*Brief:*
Below are some records; quote exactly the lines from the one that contains "Poster, Art Print" through the one that contains "Vestido de fiesta con cola", inclusive, and no others.
*** Opening of Source data ***
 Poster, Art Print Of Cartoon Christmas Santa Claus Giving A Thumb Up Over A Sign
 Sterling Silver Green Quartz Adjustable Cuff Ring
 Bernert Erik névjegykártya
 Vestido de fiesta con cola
*** Close of Source data ***
*** Opening of Source data ***
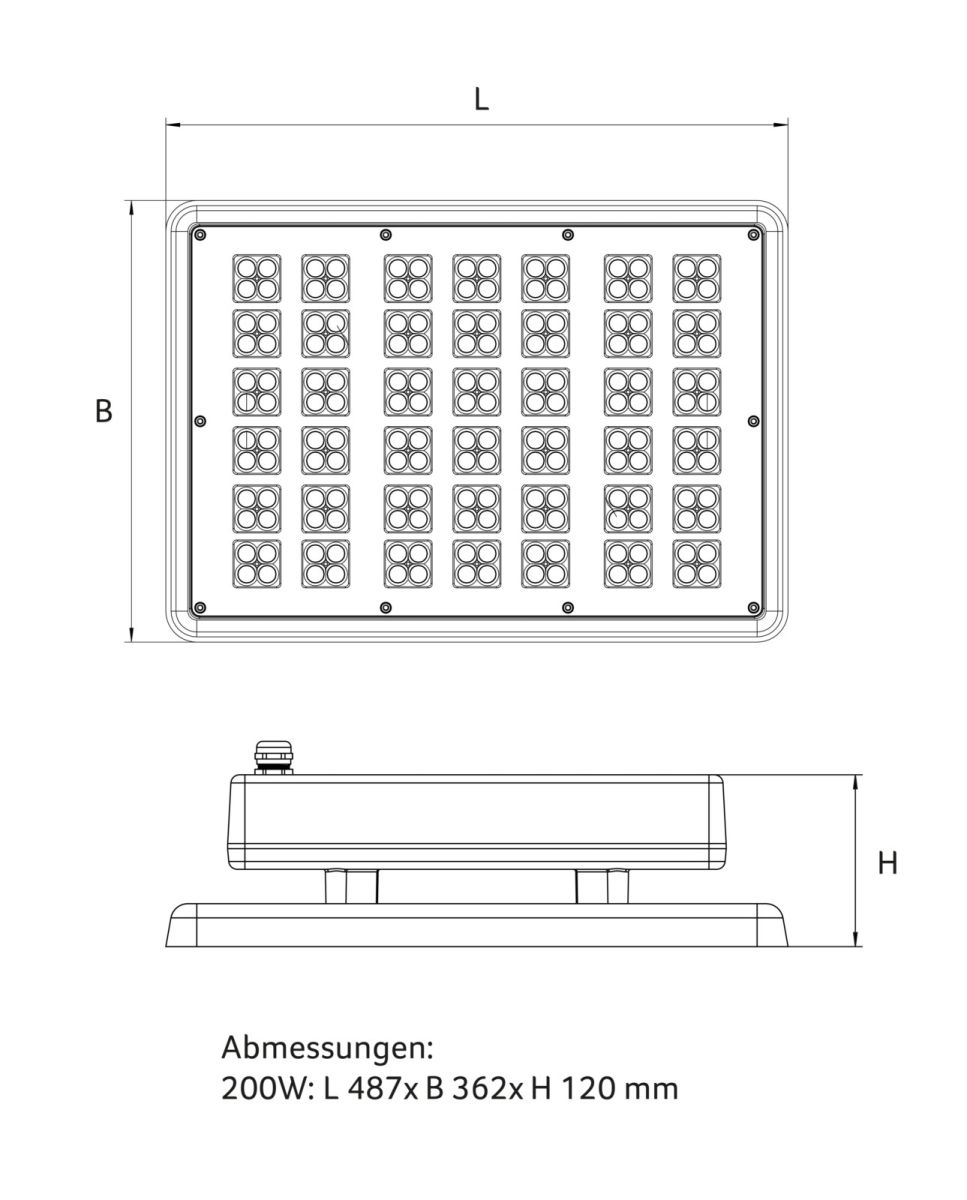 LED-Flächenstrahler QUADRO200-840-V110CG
*** Close of Source data ***
*Expected answer:*
 Poster, Art Print Of Cartoon Christmas Santa Claus Giving A Thumb Up Over A Sign
 Sterling Silver Green Quartz Adjustable Cuff Ring
 Bernert Erik névjegykártya
 Vestido de fiesta con cola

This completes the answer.